-------- DATASET SECTION --------

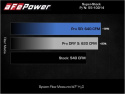 RAM 1500 TRX 2021-2023 V8-6.2L (sc) Super Stock Kolfiber Pro 5R Insugskit Sportluftfilter aFe Power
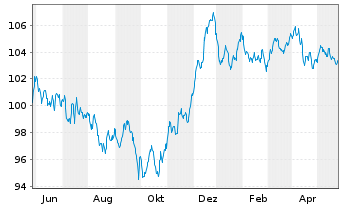 Chart AT & T Inc. EO-Notes 2023(23/34) - 1 Year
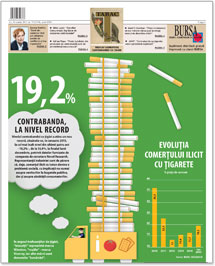 TABAC - EDIŢIA A V-a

--------

## GOAL OF THE EXERCISE
Please retype the whole listing above word for word and drop the pictures.

## TASK OUTPUT
 RAM 1500 TRX 2021-2023 V8-6.2L (sc) Super Stock Kolfiber Pro 5R Insugskit Sportluftfilter aFe Power
 Chart AT & T Inc. EO-Notes 2023(23/34) - 1 Year
 TABAC - EDIŢIA A V-a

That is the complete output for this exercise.